— WHAT THIS TASK INVOLVES —
An exact copy of each line below is needed, with no images in it.

— GIVEN MATERIAL —
□ □ □ □

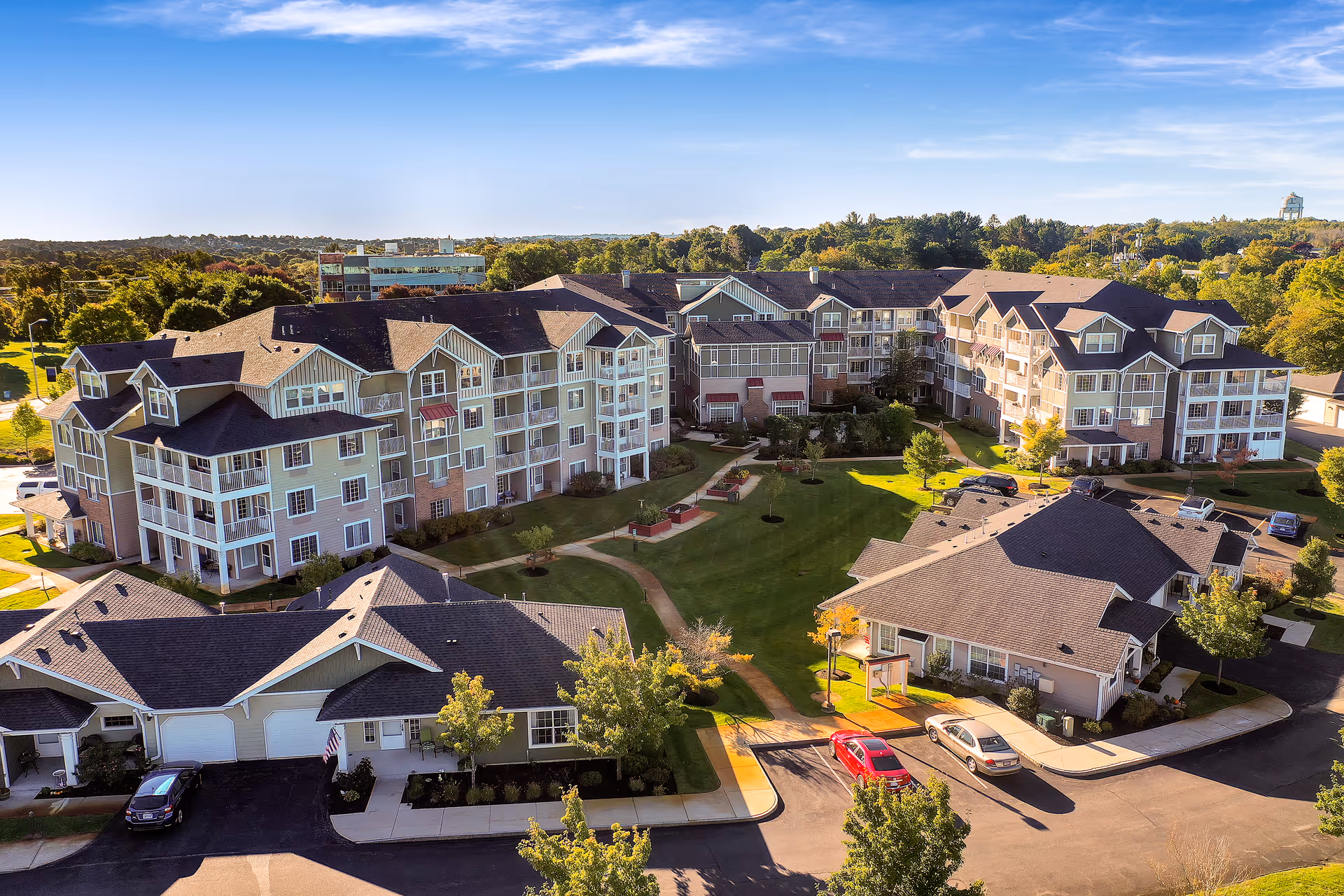 Aerial view of a multi-building senior living community with landscaped courtyards, walkways, and parking areas.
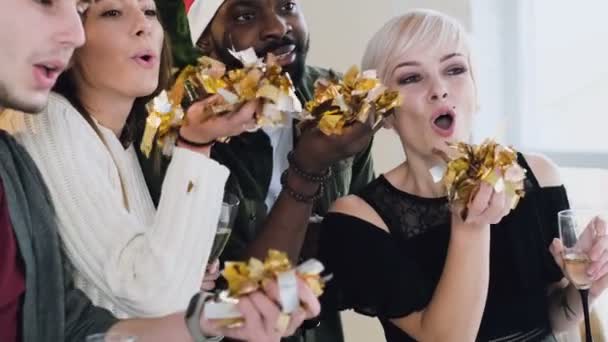 Крупным планом. Друзья разных рас выдувают золотые конфетти из рук в рождественской шляпе. Рождество и Новый год. Slow motion 4k shot — стоковое видео
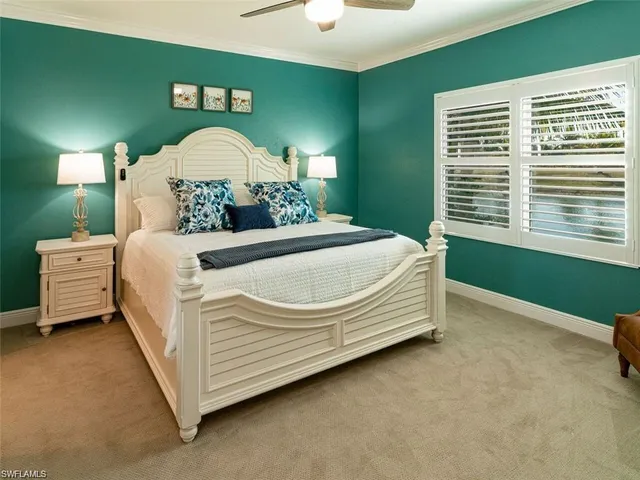 a bed sitting in a room next to a lamp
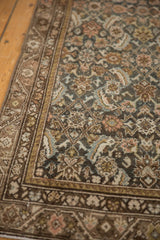 Vintage Malayer rug with worn Herati motif, charcoal field, and layered borders.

□ □ □ □

— EXERCISE ANSWER —
 Aerial view of a multi-building senior living community with landscaped courtyards, walkways, and parking areas.
 Крупным планом. Друзья разных рас выдувают золотые конфетти из рук в рождественской шляпе. Рождество и Новый год. Slow motion 4k shot — стоковое видео
 a bed sitting in a room next to a lamp
 Vintage Malayer rug with worn Herati motif, charcoal field, and layered borders.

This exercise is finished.